Le désir de “jeux coopératifs” est le désir d’en finir avec les affrontements. Mais cela ne peut pas arriver. La vie est une lutte pour la survie et la croissance. Il n’y a pas de fin au conflit, pas de ce côté-ci de la tombe. Un jeu sans conflit est un jeu mort.
Qu’est-ce qui alimente l’opposition ? Qu’est-ce qui rend le jeu conflictuel ?
Gérer les ressources
Les décisions triviales ne sont pas intéressantes. Vous vous souvenez de Courageuse Petite Angleterre ? Il n’y avait pas vraiment de décision, n’est-ce pas ?
Ou prenez Talisman de Robert Harris. À chaque tour, vous lancez un dé. Le résultat donne le nombre de cases dont vous pouvez vous déplacer. Vous pouvez aller vers la gauche ou vers la droite, le long du circuit.
Bon, c’est un petit peu mieux que les jeux de parcours traditionnel : j’ai un choix. Mais 99 fois sur 100, soit il n’y a pas de différence entre les deux cases d’arrivée, soit l’une est meilleure que l’autre de manière évidente. Le choix est truqué.

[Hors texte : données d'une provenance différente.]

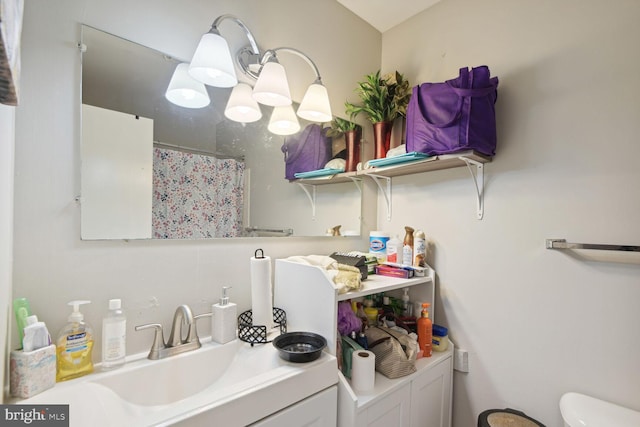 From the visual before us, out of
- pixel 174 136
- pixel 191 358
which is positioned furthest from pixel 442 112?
pixel 191 358

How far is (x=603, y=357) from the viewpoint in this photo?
43.8 inches

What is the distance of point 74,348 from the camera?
2.69 feet

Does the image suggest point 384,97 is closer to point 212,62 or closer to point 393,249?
point 393,249

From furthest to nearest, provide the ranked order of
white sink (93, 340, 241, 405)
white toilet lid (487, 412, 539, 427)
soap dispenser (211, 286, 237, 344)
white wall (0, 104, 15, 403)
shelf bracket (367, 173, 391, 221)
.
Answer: shelf bracket (367, 173, 391, 221) → white toilet lid (487, 412, 539, 427) → soap dispenser (211, 286, 237, 344) → white sink (93, 340, 241, 405) → white wall (0, 104, 15, 403)

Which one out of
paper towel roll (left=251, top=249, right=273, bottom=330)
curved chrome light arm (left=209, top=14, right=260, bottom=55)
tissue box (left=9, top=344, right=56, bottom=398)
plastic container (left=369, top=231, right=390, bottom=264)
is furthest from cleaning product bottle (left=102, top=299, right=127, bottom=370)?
plastic container (left=369, top=231, right=390, bottom=264)

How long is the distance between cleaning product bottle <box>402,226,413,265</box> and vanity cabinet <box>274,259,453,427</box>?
111 mm

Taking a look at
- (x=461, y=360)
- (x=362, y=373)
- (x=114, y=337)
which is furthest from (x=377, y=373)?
(x=114, y=337)

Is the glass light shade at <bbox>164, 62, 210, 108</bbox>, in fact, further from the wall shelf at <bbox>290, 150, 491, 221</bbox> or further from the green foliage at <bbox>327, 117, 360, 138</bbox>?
the green foliage at <bbox>327, 117, 360, 138</bbox>

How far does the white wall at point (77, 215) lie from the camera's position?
2.70 ft

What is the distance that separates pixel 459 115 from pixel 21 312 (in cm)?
158

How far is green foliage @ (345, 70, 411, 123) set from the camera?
5.50 ft

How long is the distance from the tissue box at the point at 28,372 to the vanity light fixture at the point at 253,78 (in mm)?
948

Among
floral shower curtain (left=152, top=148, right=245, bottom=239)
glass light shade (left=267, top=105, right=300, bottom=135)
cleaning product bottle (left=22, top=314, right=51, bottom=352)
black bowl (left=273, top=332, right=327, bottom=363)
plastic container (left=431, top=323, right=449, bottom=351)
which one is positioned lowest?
plastic container (left=431, top=323, right=449, bottom=351)

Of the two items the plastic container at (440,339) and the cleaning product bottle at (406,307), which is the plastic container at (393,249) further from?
the plastic container at (440,339) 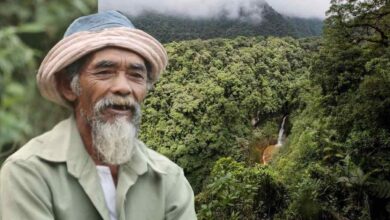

Un moyen de créer des choix qui soient significatifs est de donner aux joueurs des ressources à gérer. Ces “ressources” peuvent être n’importe quoi. Des divisions blindées. Des points de ravitaillement. Des cartes. Des points d’expérience. La connaissance de sorts. La possession de fiefs. L’amour d’une femme. Des faveurs du patron. La bonne volonté d’un PNJ. L’argent. La nourriture. Le sexe. La gloire. Une information.
Si le jeu contient plus d’une “ressource”, les décisions deviennent soudainement plus complexes. Si je fais ceci, j’obtiens de l’argent et de l’expérience, mais Lisa m’aimera-t-elle encore ? Si je vole la nourriture, j’aurai à manger, mais je pourrais me faire attraper et couper la main. Si je déclare la guerre aux Valois, Edouard Plantagenêt m’offrira le Duché de Gascogne, mais le Pape pourrait m’excommunier, mettant en péril mon âme immortelle.
Ces décisions ne sont pas uniquement complexes ; elles sont intéressantes. Et les décisions intéressantes font des jeux intéressants.
Les ressources en question doivent avoir un rôle dans le jeu ; si votre “âme immortelle” n’a aucune importance, alors l’excommunication n’en a pas non plus (À moins qu’elle ne réduise la loyauté de vos paysans, ou que cela rende plus difficile le recrutement des armées, etc. Mais ce sont des fonctions de jeu, n’est-ce pas ?). Finalement, la “gestion de ressources” signifie gérer des éléments du jeu dans la poursuite de votre but. Une “ressource” qui n’a pas de fonction de jeu n’a rien à apporter à la réussite ou à l’échec, et au final n’a pas d’importance.
Quelles ressources le joueur doit-il gérer ? Y a-t-il assez de différences entre elles pour qu’il faille trancher lors de la prise de décision ? Rendent-elles ces décisions intéressantes ?
Marqueurs de jeu
Vous effectuez vos actions dans le jeu au travers de vos marqueurs de jeu. Un marqueur est toute entité que vous pouvez directement manipuler.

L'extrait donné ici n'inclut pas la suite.